A third difference of note between the two studies is the measure each study used to assess what role the enrichment-associated neurogenesis had in learning and memory. Meshi et al. tested their mice in two behavioral tasks: the standard Morris water maze and a novelty-suppressed feeding test. Bruel-Jungerman et al. assessed animals using a novel-object recognition task. The three tasks vary greatly in nature, and likely tap different neural networks outside of the hippocampus. Comparing the results between studies, therefore, becomes almost impossible; instead, each must be assessed on its own terms. However, it should be noted that Bruel-Jungerman et al. observed the greatest differences between MAM-treated and saline-injected enriched animals at the longest retention intervals (48 hours). The Morris water maze has no such long-term memory requirement: mice are trained and tested over 9 consecutive days during which the task is rehearsed 3 times per day. It is possible that the addition of a final probe trial 24-48 hours after the last training session would reveal neurogenesis-dependent memory that was not needed to perform the task during the training period.

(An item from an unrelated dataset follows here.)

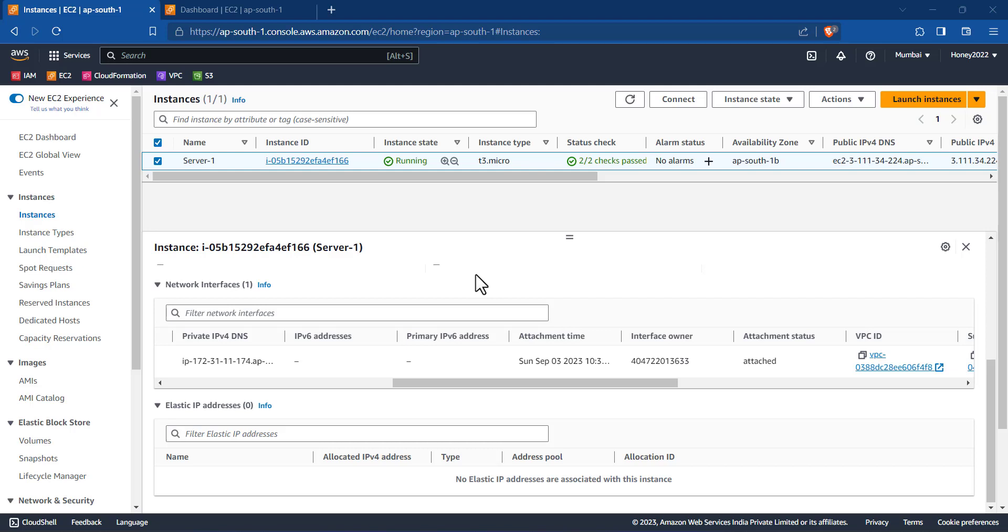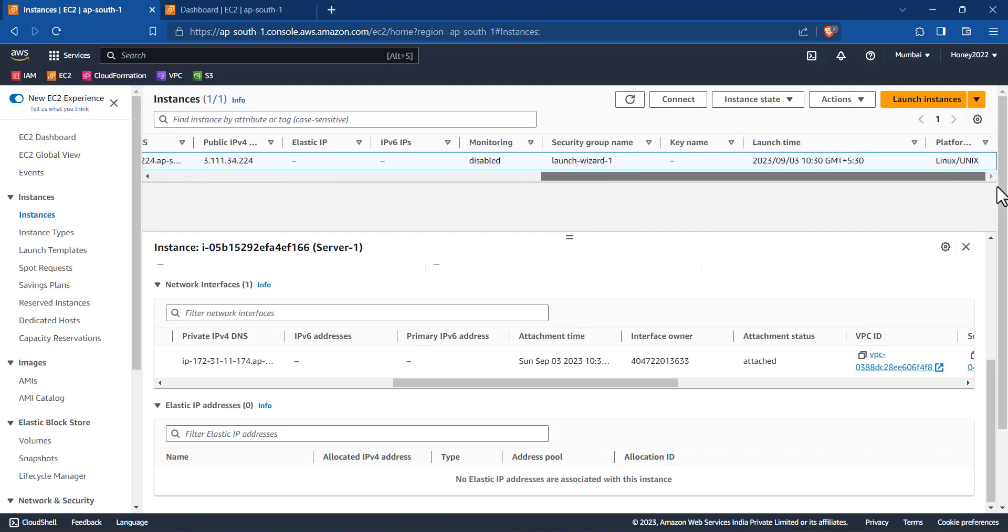How to identify the instance creation date? There is no concept of instance creation date in AWS, there is only the launch date. This is my instance. If you go on the right hand side...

Enrichment is a variable protocol, and each study uses slightly different parameters to produce their enriched housing. In particular, Meshi et al. included exercise wheels, while Bruel-Jungerman et al. did not. Access to exercise may increase the extent of angiogenesis resulting from enrichment, and running alone was shown to be sufficient to reproduce the effects of full-scale enrichment on neuronal survival in the hippocampus (van Praag et al., 1999). The duration of enriched housing before behavioral testing also differed between the Meshi and Bruel-Jungerman studies. The longer enrichment period provided by Meshi et al. may have allowed for other functional and/or morphological changes associated with enrichment (synaptogenesis, increased LTP, greater dendritic branching, etc. (for review, see van Praag et al., 2000), to compensate for the loss of newborn neurons.
In summary, the studies by Meshi et al. and Bruel-Jungerman et al. show that even the most seemingly straightforward experiments are often more complicated than we realize. Biology is usually not simple, and sometimes it’s the messy conflicting data that will in time provide the most useful insight.
Activity level and respiration do co-vary when rodents play in an enriched environment. And Kheirandish et al. (2005) showed that hypoxia adversely affected working memory specially in male rats, and the dendritic branching and dopamine transport in the frontal cortex—not the hippocampus—of those male rats.
The implications of the above finding for Alzheimer's and depression can be extrapolated from this study. Thomas et al. (2006) found a decrease in serotonin transporter (a dopamine precursor) binding in the prefrontal cortex in Alzheimer disease subjects compared to both control and, ironically, depressed elderly, postmortem. They found no difference, however, in serotonin transporter binding between the depressed and the control subjects. That also held true when comparing Alzheimer disease subjects with and without depression. Serotonin transporter binding reduction does not increase in Alzheimer patients who also have major depression.